There is another matter that Hizbullah added to the Arab national project. By confirming the Arab national nature of the battle and its transcending of geographical boundaries, and by entering with the Syrian army to resist the Zionist terrorism at the hands of the gangs of Syrian Free Army, the Islamic Army Al-Qaeda, An-Nusra, and others who openly boast of their Zionism, Hizbullah has created a new reality at a time when the Ba’ath project in Iraq and Syria failed.7 The involvement of Hizbullah in the civil war in Syria on the side of the Ba’ath not only confirms the Party’s belief in the unity of the battle and national destiny, but it cancelled the Sykes-Picot borders, sparking the ire and the objection of the Zionists outside Lebanon and inside it, because Zionism considers the Sykes-Picot borders sacred, inviolable and could not be scrapped even if one of its products is the ‘watermelon‘ Republic of Lebanon.

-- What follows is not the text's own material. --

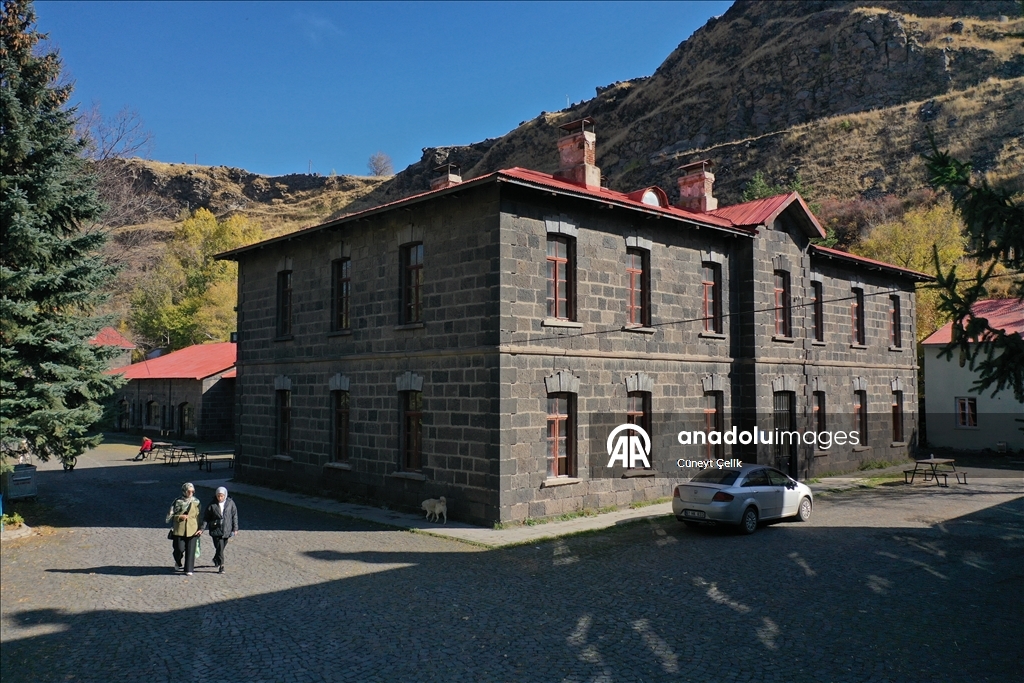 Bajarê Qersê yê ku avahîsaziya Baltikê dihewîne di turîzma çandê da balê dikişîne
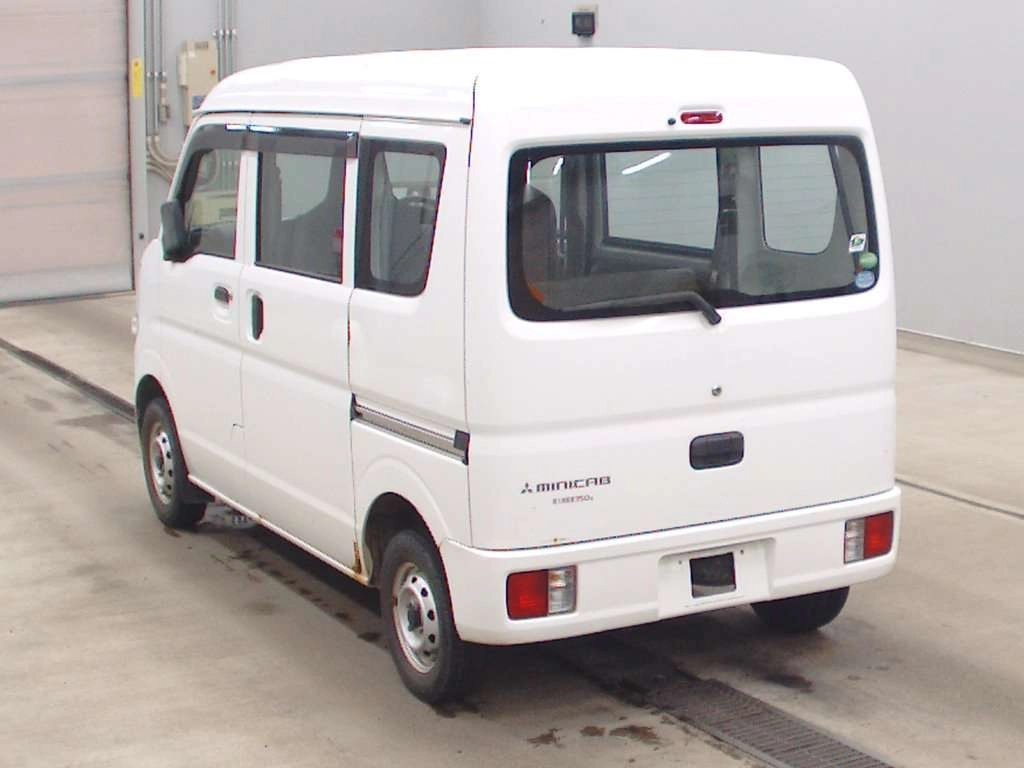 MITSUBISHI MINICAB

But in spite of all my deep appreciation for Hizbullah and the sacrifices it has offered and its exemplary dedication to the defence of the Arab nation, I still have more than one question regarding the possibility of contradiction between its loyalty to the Arab national project and its Islamic alignment, which is not necessarily Shi’a. The reason for this question is the Party’s position on ‘Hamas’ which the Party found itself, just as Iran itself found, unable to be decisive on when Hamas betrayed Syria and supported the Muslim Brotherhood which took up arms against the national state in Syria and contributed to the civil war and destruction of Syria. 8  Even though Hamas chose to stand with the enemy of Hizbullah’s ally, the Syrian state, Hizbullah did not sever relations with Hamas nor did it even criticize its disgraceful behaviour. Hizbullah continued to support Hamas arguing that it was in essence anti-Zionist.

However, this duality cannot last long. Religious Movements, including Hamas and Hizbullah, are based on the concept that religious affiliation comes first. This is what Hamas did because its adhesion to the Muslim Brotherhood movement was its base, and even preceded the goal of the Liberation of Palestine. This is because the religious goal of the project, whatever it is, is to establish a theocratic state and not  achieve peoples’ liberation, as we secularists understand it. Therefore, the establishment of a religious state in Gaza would be enough for Hamas for a long time and it may keep silent about the liberation of Palestine objective if it would lead to a secular Palestinian State. That was the case with the Muslim Brotherhood when it ruled Egypt for a short period. They claimed that confronting Zionism could be postponed until the state building is achieved, and that respecting the humiliating treaties with the enemy was necessary in order to build that state. It is not surprising that they failed, because the general public were not interested in building an Islamic state as much as they aspired for freedom, liberty, the right to work, ensuring education, health and a minimum of a decent living.

Where will Hizbullah stand if it were to be tested whether it stands with the Arab national project or with the Persian project, when the authority of ‘Wilāyet Al-Faqih’ in Iran ceases to exist and Iran becomes, as it is entitled to, a strong nation-state in the region?